Figure 2: Global Fund grant implementation arrangements for 2018-2020
Source: Study commissioned by the South Sudan CCM on cost-efficiency of the Global Fund grants implementation;
Note: UN agencies – UNDP –United Nations Development Program; WHO- World Health Organization; IOM- International Organisation for Migration: International Non-Government Organization (INGO) HNTPO- Health Net TPO;
The MOH decided to set up a grant management unit that would be a focal point for the Global Fund grant for the new cycle of 2021-2024. The creation of this unit will help to streamline the programs’ implementation and lines of reporting.
The CCM grant consolidation proposition dismissed
It is worth mentioning that the rainy season in South Sudan often starts from April onwards and with it comes higher malaria transmission rates. It would have been best to have a PR on the ground preparing for interventions before the rains start. Moreover, the current extension is due to end on 30 June, and after this date there is a real risk that the essential life-saving malaria program will be severely compromised if the Global Fund malaria grant is unable to start, leaving the country with the PMI grant which alone is insufficient to meet the demand. If there is no grant in place by 30 June, Aidspan hopes that the Global Fund and the CCM will put in place measures to ensure the continuation of life-saving malaria services.

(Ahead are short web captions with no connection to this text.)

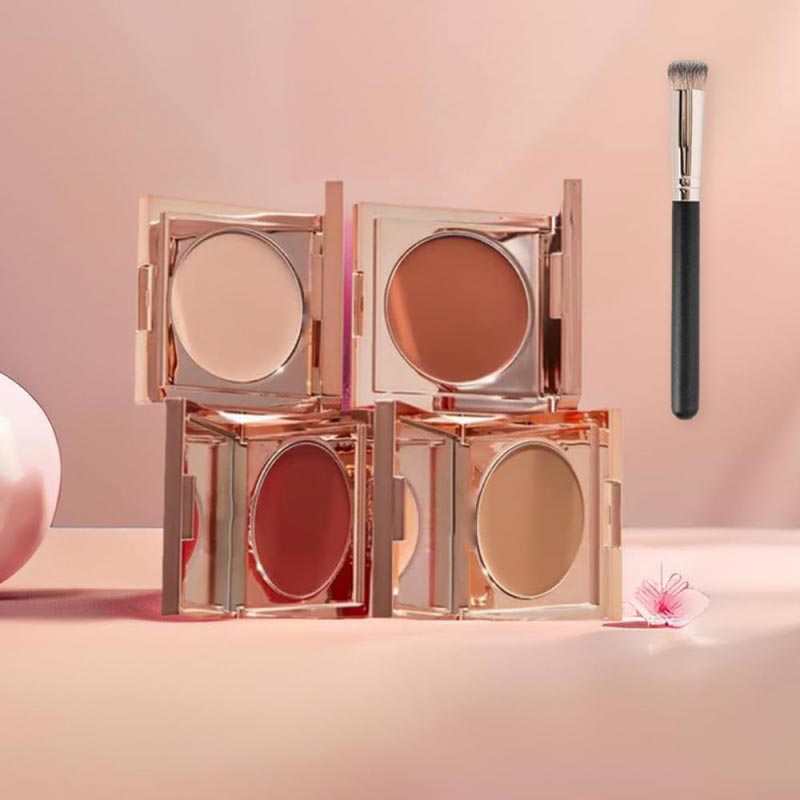 💜 Kaufen Sie 1 erhalten Sie 1 Gratis 💜✨Augen-Korrektor Stick – Starkere Abdeckung &amp; Natürlicher Finish für strahlende Augen! 👁️💧✨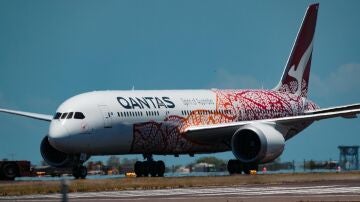 Una piloto demanda a Qantas por discriminación y acoso durante dos décadas.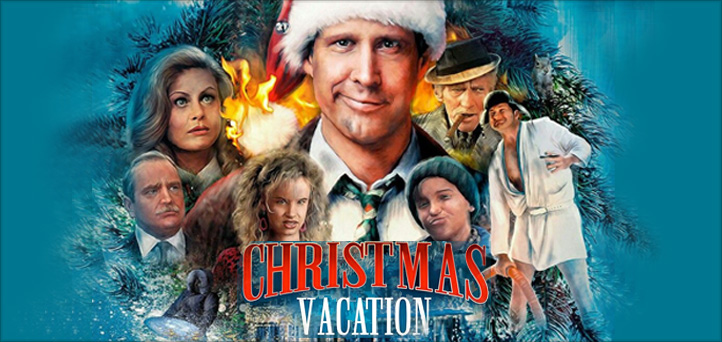 chevy chase christmas vacation attic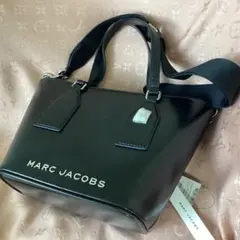 MARC JACOBS トートバッグ 肩掛けM0015766牛革 A4サイズ収納 - メルカリ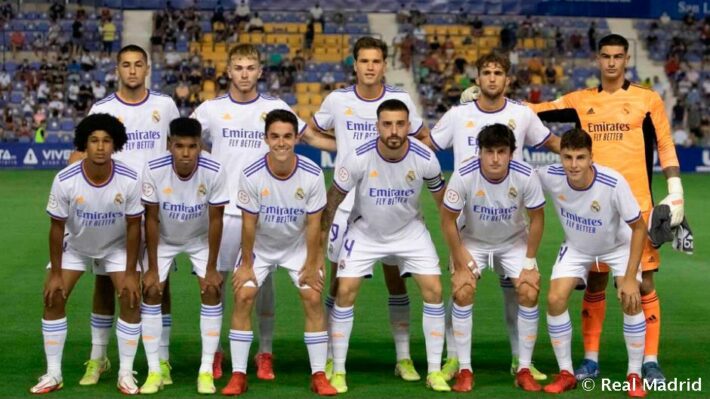 RM Castilla | Dolorosa derrota con protagonismo arbitral (3-0)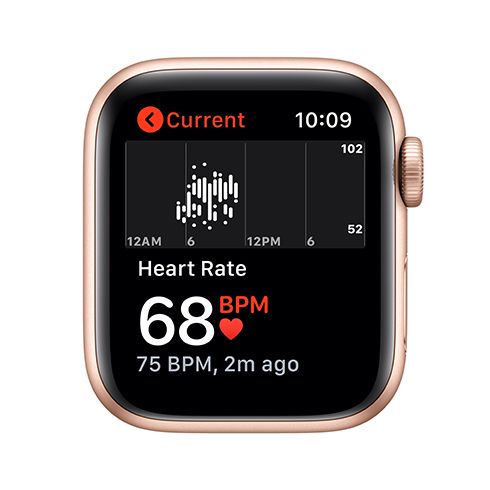 Apple Watch SE GPS, 40mm | Gold, B osztály - használt, 12 hónap garancia Apple Watch SE GPS, 40mm | Gold, B osztály - használt, 12 hónap garancia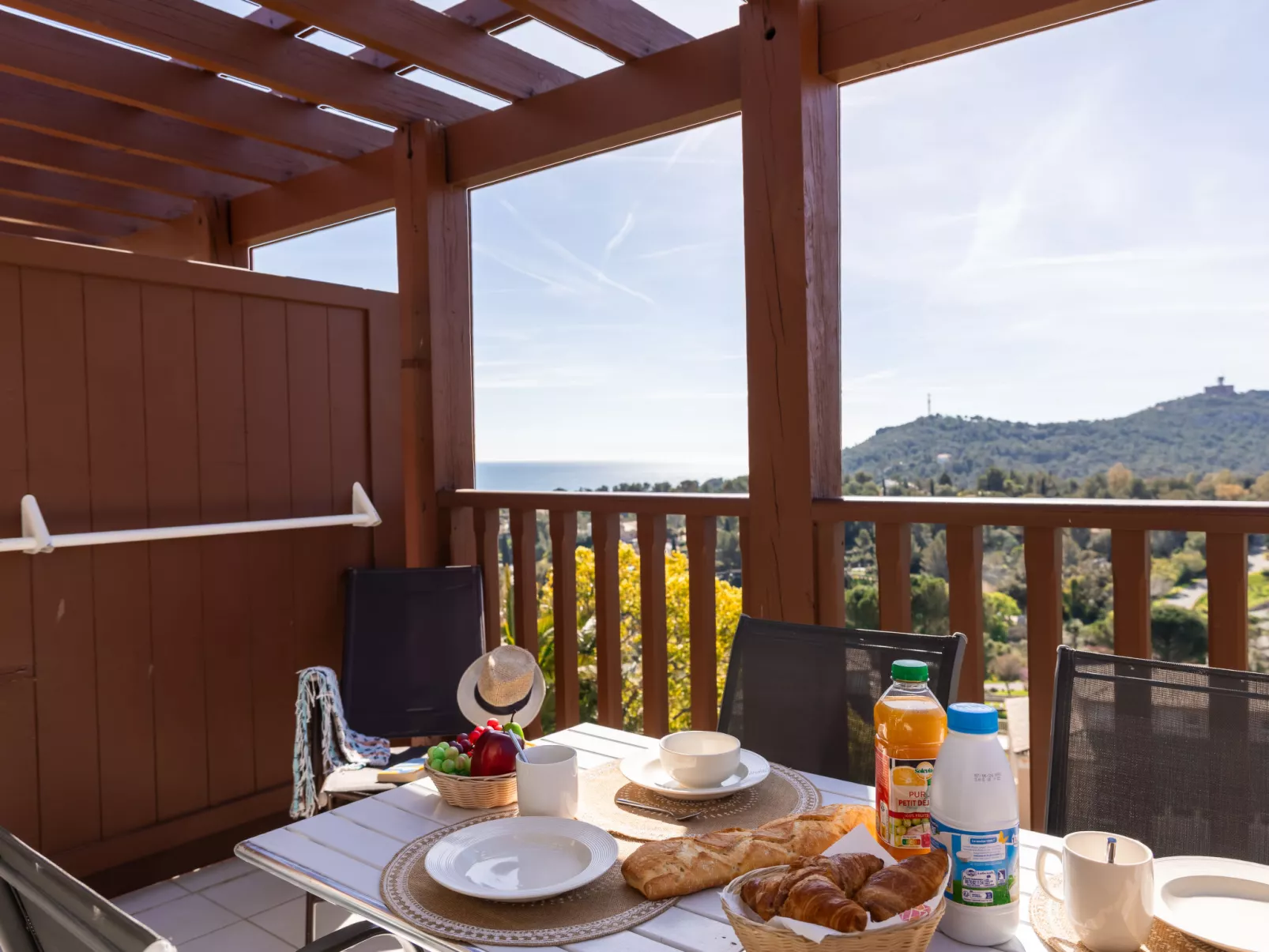 Village Cap Estérel - L'Esquinade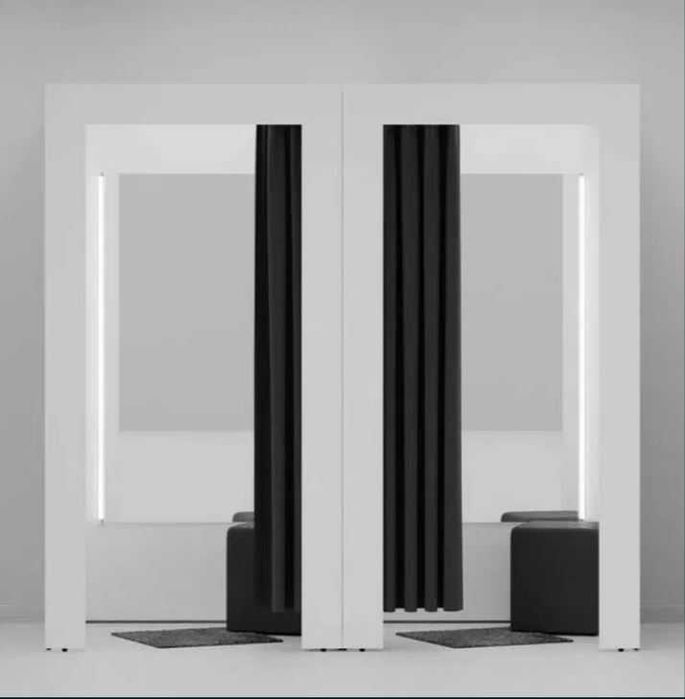 Набор мебели для ПВЗ OZON готовый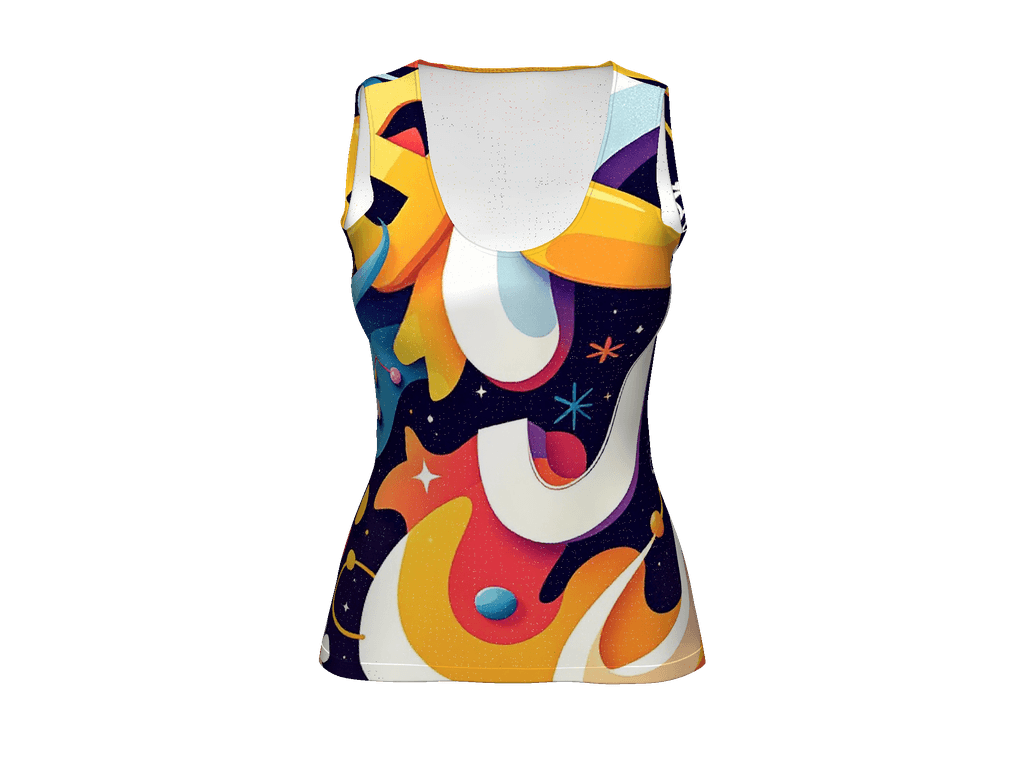 All-Over Print Women's Tank Top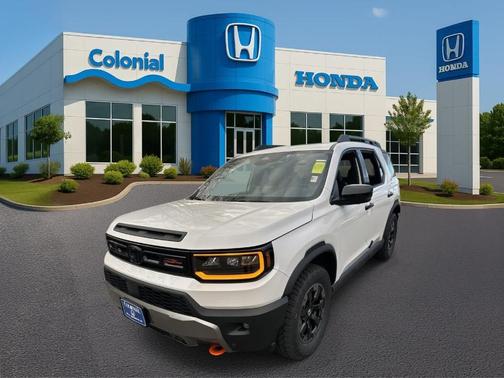 2026 Honda Passport TrailSport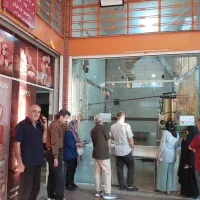 نیازمند فروشنده نانوایی لواش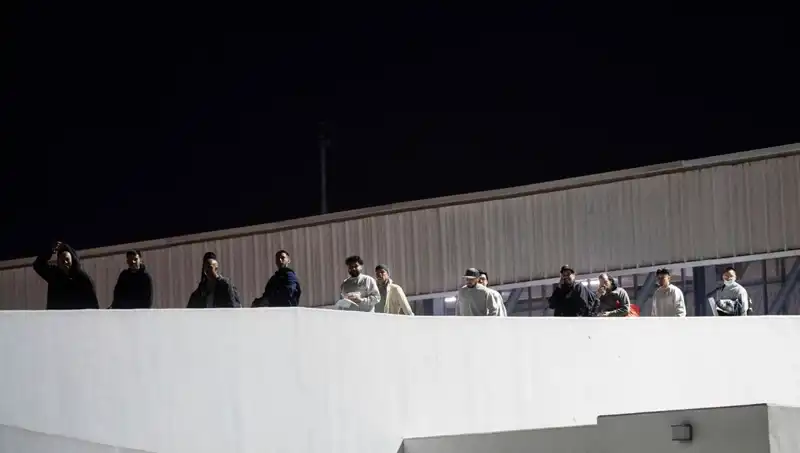 Düzensiz Göçmen Operasyonu: İki İl Gözaltına Alınanlar Bell oldu
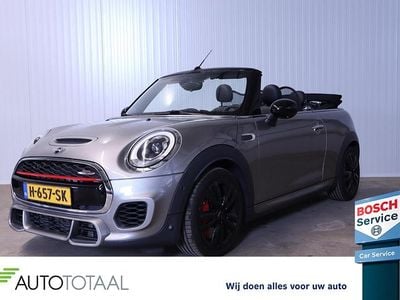 Mini John Cooper Works Cabriolet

The South Sudan allocation is about $122 million, according to the Global Fund data page. For the South Sudan CCM, If UNDP were to manage all three grants, it would cost about $15 million in management costs, which is about 13% of the grant, according to our sources. These sources also stated that the UNICEF grant management cost would be similar to that of PSI. Thus, consolidating all three grants for a management cost of $15 million and similar risk management will save about $6 million that could be used for service delivery gaps and capacity building.
Such comparison assumes that UNDP and UNICEF will perform similarly in managing the malaria grant. If UNICEF were able to manage the malaria grant more proficiently than UNDP and achieve a better program performance, it makes sense to expend more on management costs by having two different UN agencies as PRs. Better still, if UNICEF performance were indeed to result in improved managerial and technical implementation for the malaria program grant, then it might also be a contender for managing the other grants for the HIV and TB programs.
Better management of countries deemed to have Challenged Operating Environments under Additional Safeguard Policy is urgently needed
All this wrangling over the selection of the PRs has an air of déjà-vu: a similar story unfolded in Nigeria in 2020 over the selection of the HIV PR for the key populations, as described by Aidspan in the article The Global Fund Secretariat at odds with Nigeria over the HIV key populations Principal Recipient.
It appears that there are systemic issues in managing countries under COEs and additional safeguard policies.
It is important that the countries placed under ASP and zero-cash policy are also provided with a clear exit roadmap with milestones that all stakeholders, including the CCM, the PRs, the partners, and the Secretariat, can jointly monitor. The roadmap should have a capacity development plan supported by the Global Fund if needed. This kind of transition plan is needed for countries that have been under ASP for several cycles with no end in sight.
Editor’s Note: Since the GFO was unable to obtain any comment from the Global Fund, Aidspan will publish a follow-up article if we receive any feedback. However, we have updated the article based on new information received.